父の死を弔うように、自画像を中心とした大量の絵を描きはじめた。美男子のシーレ少年が描くのは、枯れ木のような肉体とねじれた手足。ざらざらと乾いた暗い色調の絵肌にひっかくような線で、孤独や不安を描いた。その多くは、自己愛に溢れた自画像だった。ゴッホですら40点ほどしかない自画像。彼は、自分の姿をひたすら観察し続け、100点以上も繰り返し分身を生み出した。
シーレは16歳でウィーン美術アカデミーに入学する。のちの独裁者アドルフ・ヒトラーもこの翌年と翌々年に同じ学校の入学試験を受け、二度とも失敗していることは有名な話だ。もしヒトラーに画家の才能があったら、彼らは友だちになっていたかもしれない。そして、世界の歴史も変わっていただろう。
■モデルにした妹との禁断の関係
ともあれナルシシストの耽美(たんび)主義者シーレは、絵ばかり描いていた。ヌードモデルとして描いたのは、4歳年下の妹ゲルトルーデ。近親相姦(そうかん)の関係だったとも言われている。
17歳の頃、ウィーンにアトリエを構え、すでに大スターだった画家グスタフ・クリムトとも初めて出会う。そして、クリムトに紹介され、建築や家具などのデザインを請け負う「ウィーン工房」の仕事をするなど早熟な才能を開花させた。18歳になる年には、修道院での展覧会に初出品した。
クリムトとの出会いはシーレにとって、もうひとつ大きな転機をもたらす。それは、21歳の時クリムトから紹介された17歳のモデル、ヴァリー・ノイツィルとの恋だった。すぐに意気投合したふたりは同棲を始める。ウィーンを離れ、母の故郷であるボヘミアの小さな町クルマウに引っ越し、ミューズとなった美少女ヴァリーとともに創作に打ち込んだのだった。
■少女誘拐容疑で24日間の獄中生活
しかし、ここで問題が発生した。シーレはヴァリーと同棲しながらも、たくさんの若い少女たちをナンパし、アトリエに連れ込み裸体を描いていたのだ。そして、10代前半の少女を誘拐した容疑で逮捕され、24日間の獄中生活を送った。裁判官により、公衆の面前で絵を燃やされたものの、特別に画材が与えられ牢屋(ろうや)の中でも描き続けた。彼が獄中で書いた絵の一枚には、「自分が純化されたような気がする」という言葉が記されている。ここにシーレの考え方がはっきり示されている。

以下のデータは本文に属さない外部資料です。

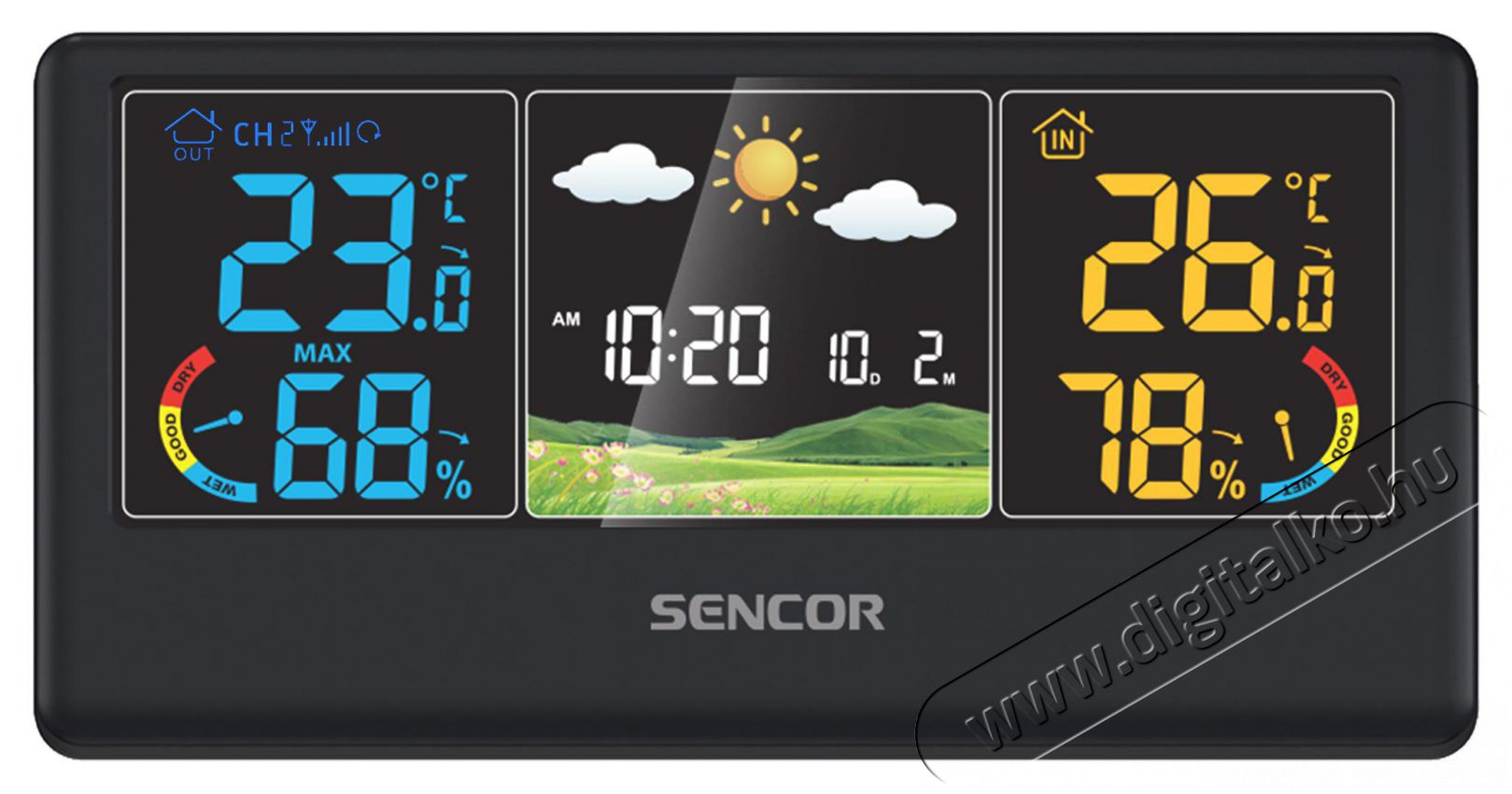Sencor SWS 4100 B IDŐJ&Aacute;R&Aacute;S &Aacute;LLOM&Aacute;S H&aacute;ztart&aacute;s / Otthon / K&uuml;lt&eacute;r - Lak&aacute;sfelszerel&eacute;s - Időj&aacute;r&aacute;s &aacute;llom&aacute;s - 493395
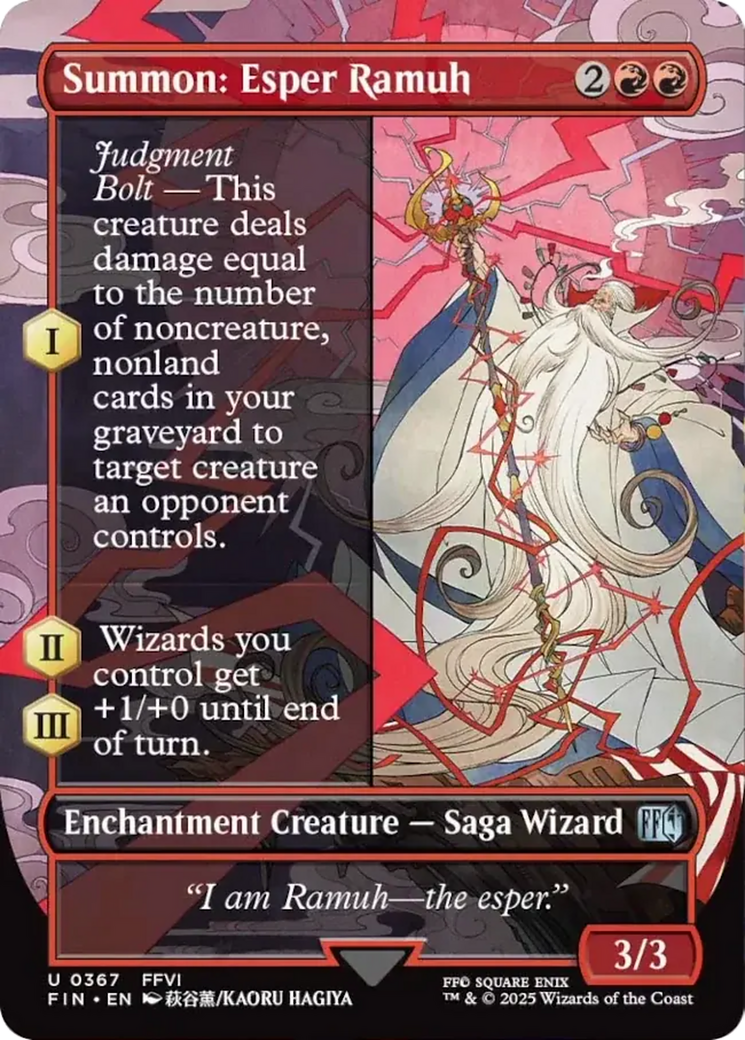 Summon: Esper Ramuh (Borderless) [FINAL FANTASY] | Webway Games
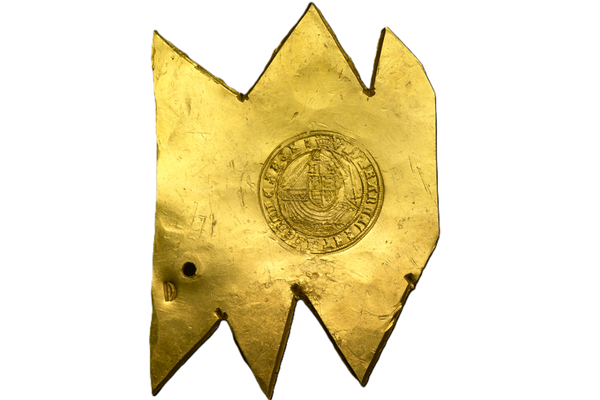 A gold trial plate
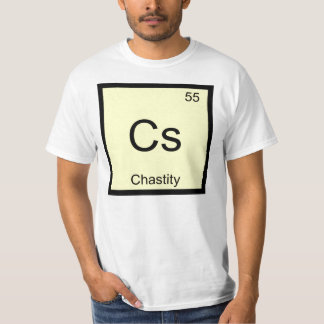 Chastity Name Chemistry Element Periodische Tabell T-Shirt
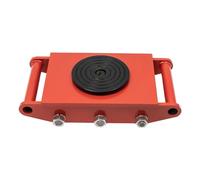 Kricoawer Heavy Load Machinery Mover 17600lbs, Cast Steel Body, Polyurethane Wheels, 6 Roller Dolly Plate, Easy Moving, Red, for Warehouse, Factory, Construction Sites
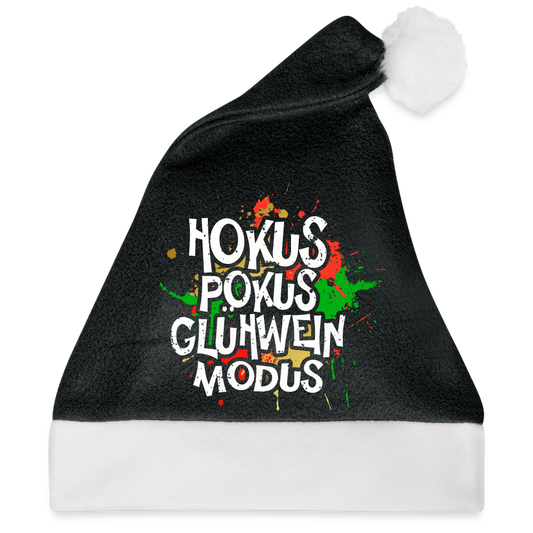 Weihnachtsmütze "Hokus Pokus" - Schwarz/Weiß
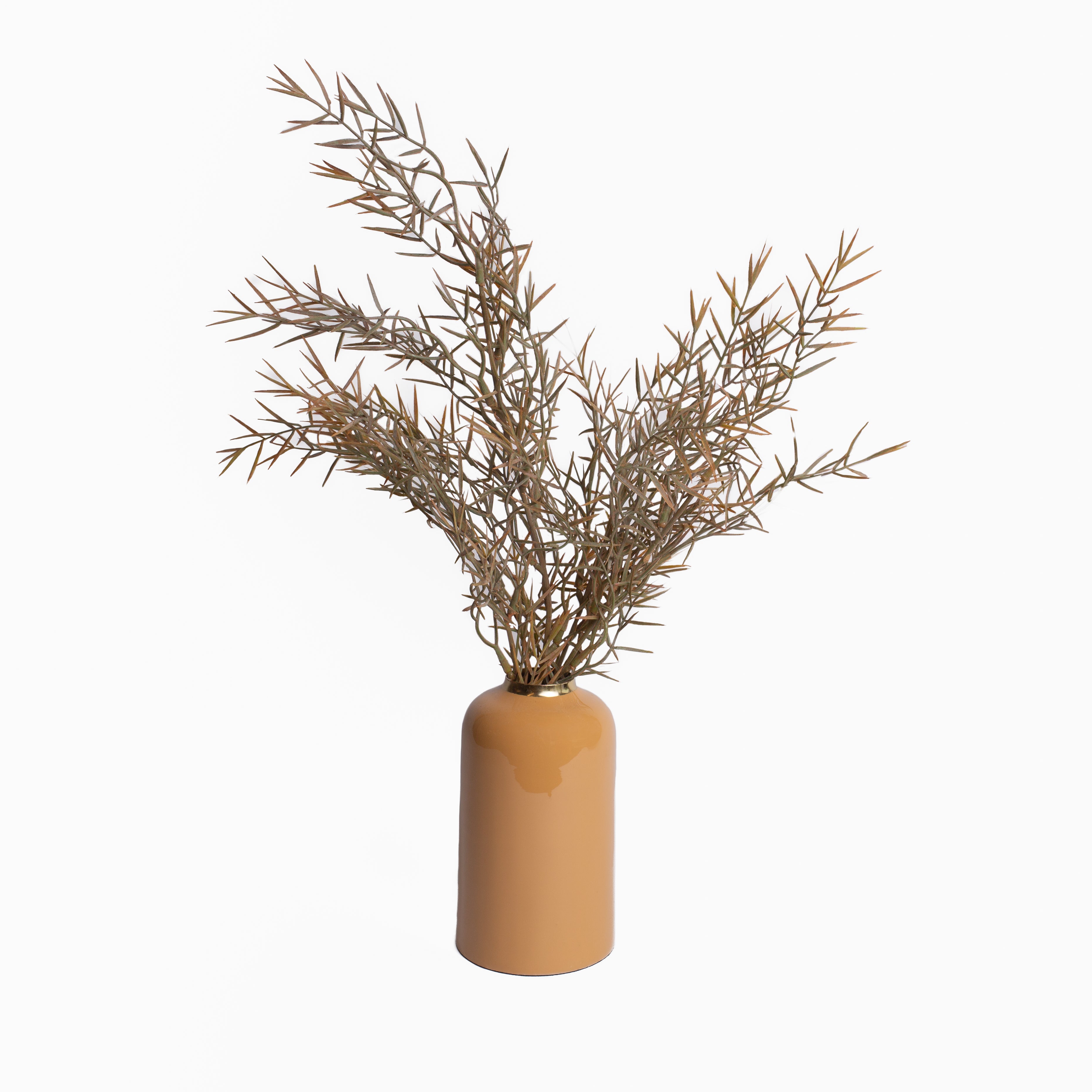 Etta Caramel Metal Vase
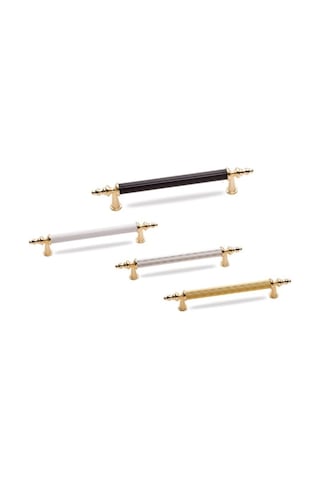 128mm Lüks Aleminyum Metal Boru Kulp Dolap Çekmece Modern Dolap K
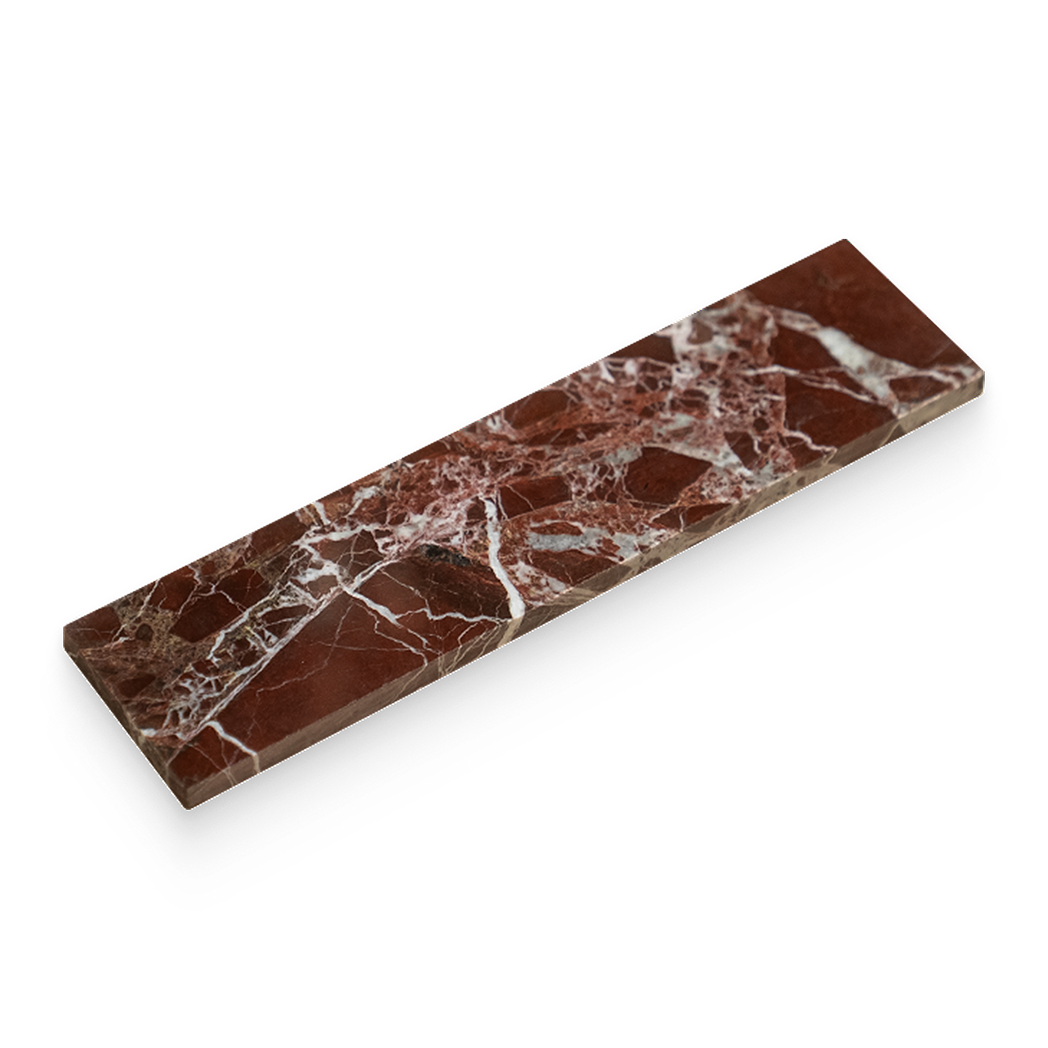 3x12 Breccia Vino Polished Rectangle Tile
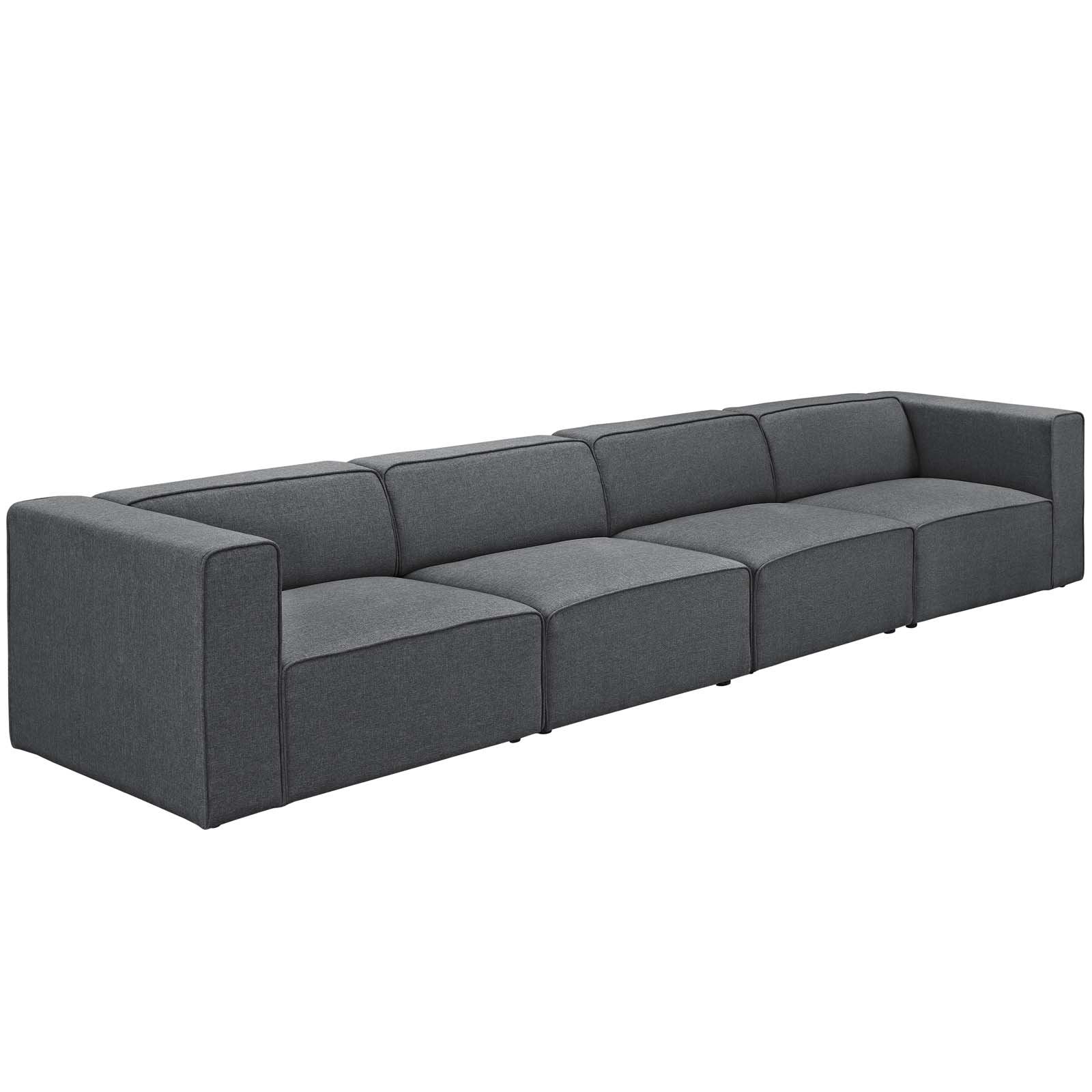 kitchen and dining room sets | CasaFoyer Mingle | 4-Piece Upholstered Fabric Sectional Sofa Set | Spacious & Comfortable | High-Quality Polyester | Perfect for Living or Lounge Room | Gray | casafoyer.myshopify.com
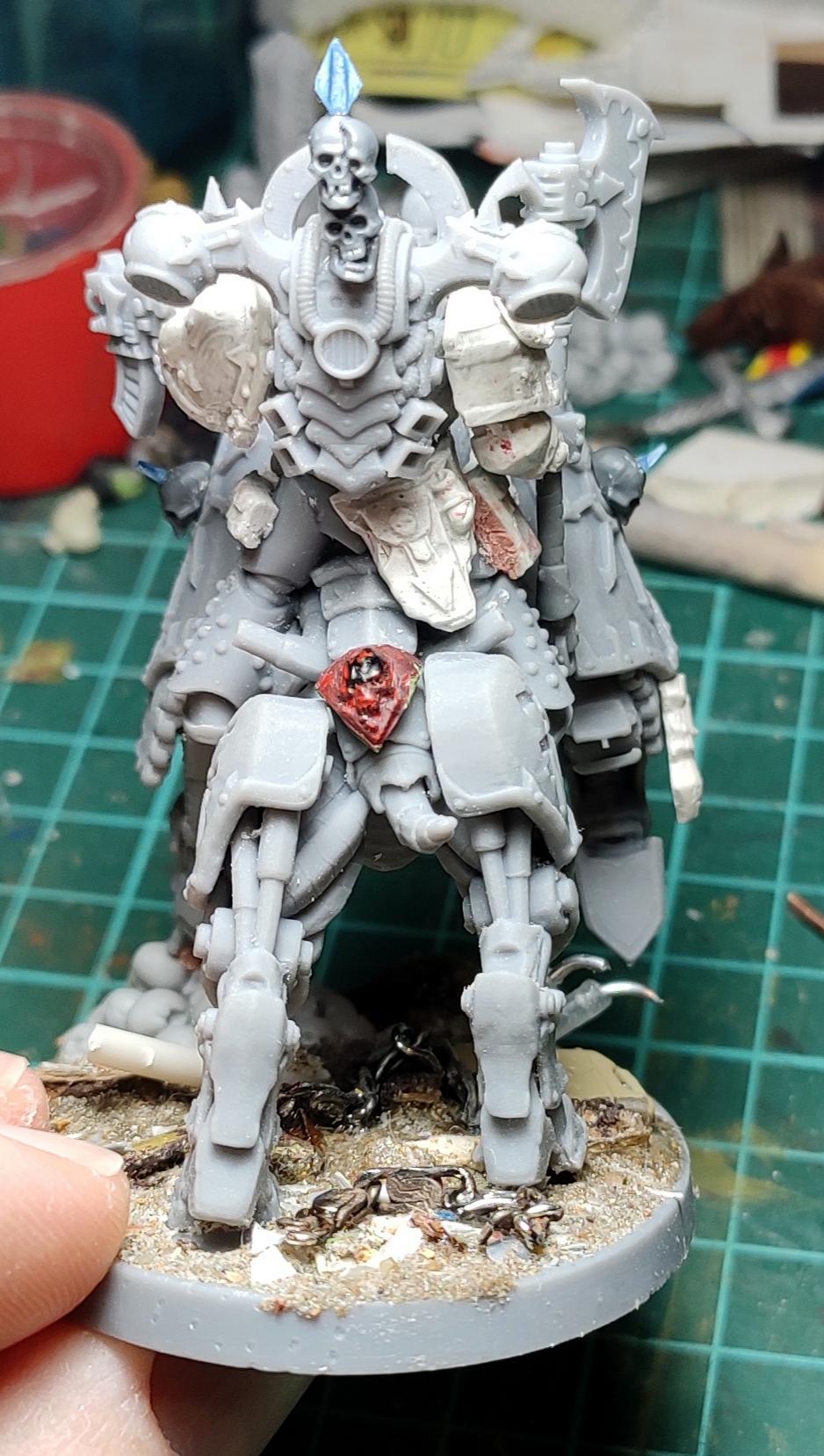 3d Print, Berserk, Berserkers, Berzerk, Berzerker, Blood For The Blood God, Cavalry, Chain Axe, Chaos, Chaos Space Marines, Conversion, Heresy, Heretic Astartes, Juggernaut, Khorne, Putty, Skulls For Skull Throne, Storm Bolter, Traitor Legions, Warhammer 40,000, Work In Progress, World Eaters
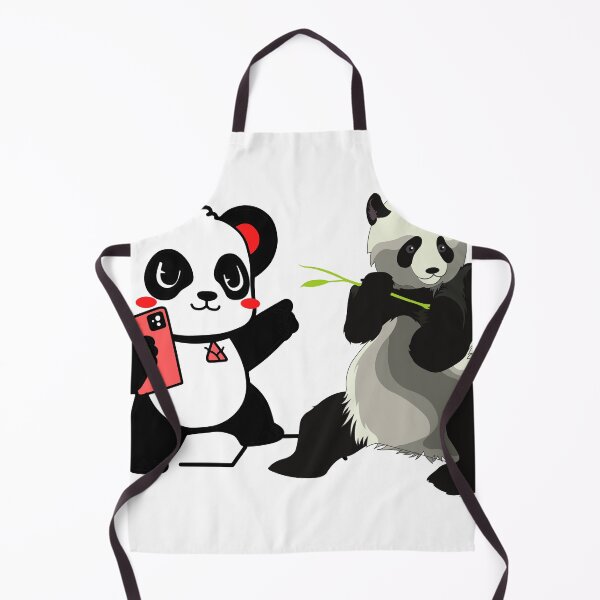 Item preview, Baby Pandas taking pictures of Daddy panda - Millenial pandas designed and sold by Fanatic Nerd.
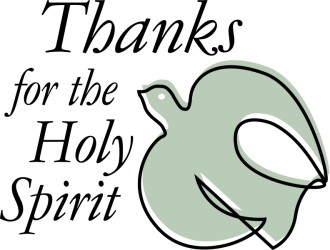 Thanks for the Holy Spirit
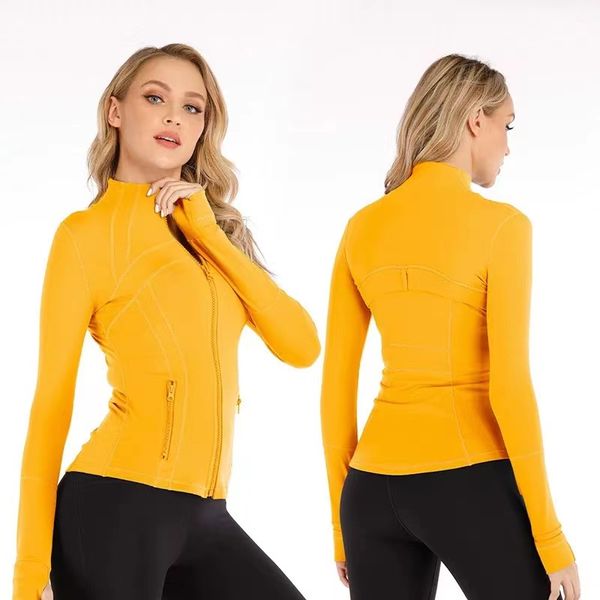 

yoga jacket sports wear for fitness yoga training zipper jackets solid zip up sweatshirt sportwear 15 styles lu yoga clothes define workout, Black;brown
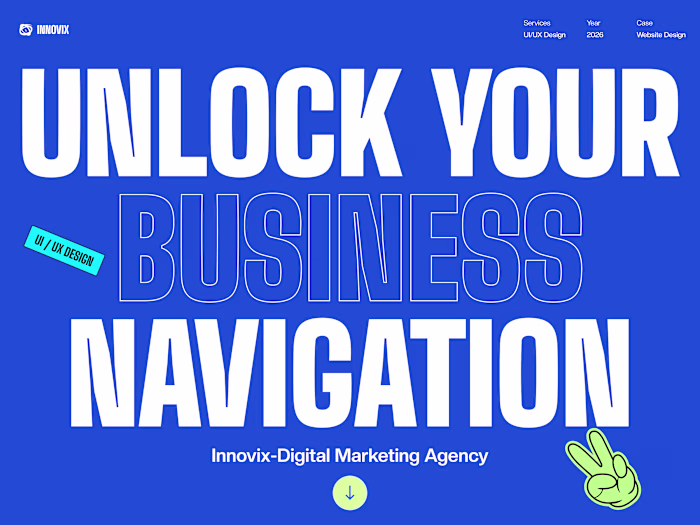 Creative Agency Website I Innovix I Ui Case Study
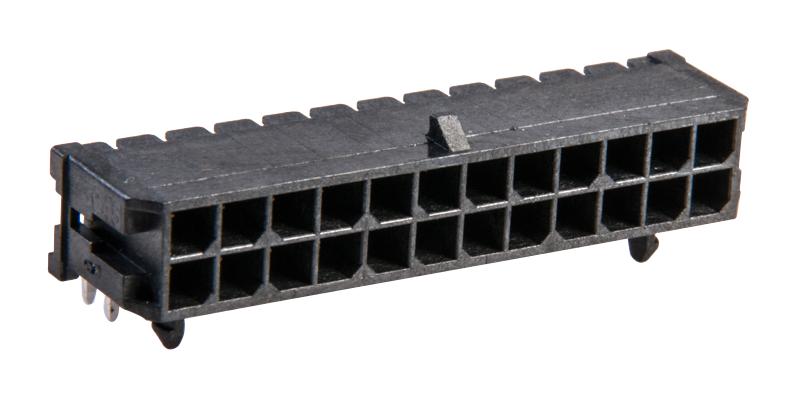 Molex 43045-2402 Connector, R/a Header, 24Pos, 2Row, 3mm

彼は、タブーとされた性の表現を強調すればするほど、純粋な精神に近づくと考えた。より純度の高い自分自身を描くことに挑戦したのだろう。反社会的にも思える創作の中にこそ、新しい時代の可能性があると信じていたのだ。シーレが描く過激でスピード感のある線は、鮮烈なエネルギーを強く感じさせる。音楽で言うと、激しいパンクや音の歪(ひず)みが心地いいノイズ系のロックという感じだ。
■ゴッホの激しさ、ロダンのスピード感
シーレは出所した後、クリムトから紹介してもらった資産家の支援を受け、再び制作を開始。逮捕・投獄という人生のどん底から立ち直ることができた。22歳でクリムトらの分離派展に参加し、多くの版画や詩などを創作する機会に恵まれた。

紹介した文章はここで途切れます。